HOW TO COMPLETE THIS TASK
Each line from the one that has "1990s Mary McFadden" through the final line of the listing is to be written out exactly, and no other line is.

INFORMATION PROVIDED
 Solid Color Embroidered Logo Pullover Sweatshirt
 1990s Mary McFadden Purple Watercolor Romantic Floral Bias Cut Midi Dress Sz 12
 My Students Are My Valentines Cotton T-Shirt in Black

EXERCISE RESPONSE
 1990s Mary McFadden Purple Watercolor Romantic Floral Bias Cut Midi Dress Sz 12
 My Students Are My Valentines Cotton T-Shirt in Black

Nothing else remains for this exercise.